South China Sea Contest
In a world where traditional energy and minerals sources are depleting fast, such resources are highly prized and as between states with extended coastlines and contested island territories, ever-elongated EEZs are reduced to a confusing welter of overlapping claims that are difficult to resolve because they are almost impossible to disentangle. EEZs do not, however, prohibit or limit in any way the right of free passage through these waters for merchant marine and even warships of all countries in peace time. But peace depends on how emphatically a country seeks to enforce its claims.
At the recent Shangrila Conference in Singapore, the head of the Chinese Navy Admiral Sun Jianguo talked plainly about the possibility of adding to the 2,000-odd acres of new “islands” brazenly created in mid-South China Sea by Beijing in violation of international laws and legal understandings. China dumped massive amounts of earth, sand, and silt, cemented these huge manmade outcroppings, and used them as air fields and impromptu naval bases, and has threatened to impose an air defence identification zone (ADIZ) in the area. Both the “islands” and the ADIZ are, however, capable of triggering war.

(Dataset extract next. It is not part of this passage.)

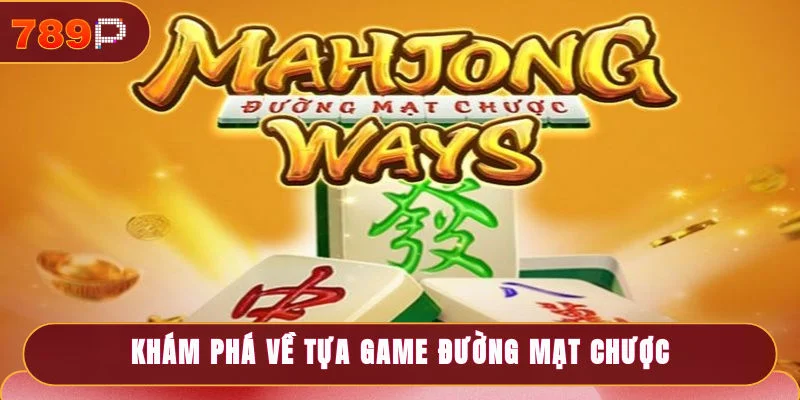 Khám phá đôi nét về tựa game Đường Mạt Chược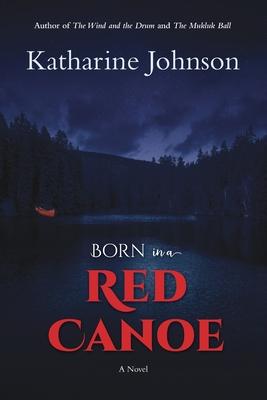 Born in a Red Canoe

With the enhanced EEZ measured off these ersatz islands, China’s claims to all of South China Sea, Beijing believes, are incontestable. The extraordinary and entirely illegal cartographic actions notwithstanding, Admiral Sun averred that China had actually “exercised enormous restraint”! If this is restraint, many wonder what Chinese loss of self-control would entail. Such territorially expansionist policy involving the “near waters” is justified on the basis of millennial claims of this maritime region once being a Chinese “lake”.
The India Tangle
How is India affected by such shenanigans? For one thing, India has concessions and invested in oil fields in the very waters off Vietnam which China thinks it owns. Direct confrontation with China is likely also because Vietnam is being built up militarily by India in the manner Pakistan has been by China – to be a deep thorn in the side of the other. India needs only to transfer nuclear-tipped missiles to Hanoi to equilibrate the situation.
Besides, per geostrategic logic the more China is kept busy minding its marine backyard the less it may be inclined to open a front in the Himalayas and, even less, in the Indian Ocean. India and China as the rising powers in Asia, and the narrow straits – Malacca, Lombok, and Sunda – oceanically separating them, make for a picture of a giant dumb-bell with the two countries weighing down the two ends, with India at least for the foreseeable future having the naval edge west of Malacca, and China east of it.
Strategic Interests
As in most strategic matters, India woke up late to the military and economic significance of dominating the surrounding ocean, having been lulled by the view that the Indian peninsula jutting out into the sea like the prow of an aircraft carrier could easily muster overwhelming force by sea and air in the Sunda-to-Simonstown arc, which Chinese naval presence in the Indian Ocean cannot thwart.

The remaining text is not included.